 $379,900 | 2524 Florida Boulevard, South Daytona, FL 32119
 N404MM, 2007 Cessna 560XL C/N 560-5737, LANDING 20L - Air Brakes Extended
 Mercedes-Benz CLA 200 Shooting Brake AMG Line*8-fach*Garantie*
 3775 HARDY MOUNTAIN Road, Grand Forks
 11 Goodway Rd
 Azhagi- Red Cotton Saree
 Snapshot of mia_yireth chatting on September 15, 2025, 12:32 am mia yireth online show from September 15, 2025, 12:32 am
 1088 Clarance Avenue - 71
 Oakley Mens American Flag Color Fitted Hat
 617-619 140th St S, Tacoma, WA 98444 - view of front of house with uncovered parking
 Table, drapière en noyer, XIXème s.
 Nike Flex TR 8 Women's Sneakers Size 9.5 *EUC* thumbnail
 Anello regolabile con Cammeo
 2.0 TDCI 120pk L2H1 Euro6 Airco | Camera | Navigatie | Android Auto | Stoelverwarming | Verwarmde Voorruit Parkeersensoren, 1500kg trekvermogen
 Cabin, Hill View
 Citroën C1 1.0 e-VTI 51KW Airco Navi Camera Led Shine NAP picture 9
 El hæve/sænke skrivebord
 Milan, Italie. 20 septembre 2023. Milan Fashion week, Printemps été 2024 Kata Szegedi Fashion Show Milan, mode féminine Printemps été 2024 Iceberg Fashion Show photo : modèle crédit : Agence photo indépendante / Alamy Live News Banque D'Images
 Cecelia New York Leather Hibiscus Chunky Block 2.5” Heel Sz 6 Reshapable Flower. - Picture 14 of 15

+ + + +

WHAT THE TASK ASKS: Output every line of the listing word for word.

TASK OUTPUT:
 $379,900 | 2524 Florida Boulevard, South Daytona, FL 32119
 N404MM, 2007 Cessna 560XL C/N 560-5737, LANDING 20L - Air Brakes Extended
 Mercedes-Benz CLA 200 Shooting Brake AMG Line*8-fach*Garantie*
 3775 HARDY MOUNTAIN Road, Grand Forks
 11 Goodway Rd
 Azhagi- Red Cotton Saree
 Snapshot of mia_yireth chatting on September 15, 2025, 12:32 am mia yireth online show from September 15, 2025, 12:32 am
 1088 Clarance Avenue - 71
 Oakley Mens American Flag Color Fitted Hat
 617-619 140th St S, Tacoma, WA 98444 - view of front of house with uncovered parking
 Table, drapière en noyer, XIXème s.
 Nike Flex TR 8 Women's Sneakers Size 9.5 *EUC* thumbnail
 Anello regolabile con Cammeo
 2.0 TDCI 120pk L2H1 Euro6 Airco | Camera | Navigatie | Android Auto | Stoelverwarming | Verwarmde Voorruit Parkeersensoren, 1500kg trekvermogen
 Cabin, Hill View
 Citroën C1 1.0 e-VTI 51KW Airco Navi Camera Led Shine NAP picture 9
 El hæve/sænke skrivebord
 Milan, Italie. 20 septembre 2023. Milan Fashion week, Printemps été 2024 Kata Szegedi Fashion Show Milan, mode féminine Printemps été 2024 Iceberg Fashion Show photo : modèle crédit : Agence photo indépendante / Alamy Live News Banque D'Images
 Cecelia New York Leather Hibiscus Chunky Block 2.5” Heel Sz 6 Reshapable Flower. - Picture 14 of 15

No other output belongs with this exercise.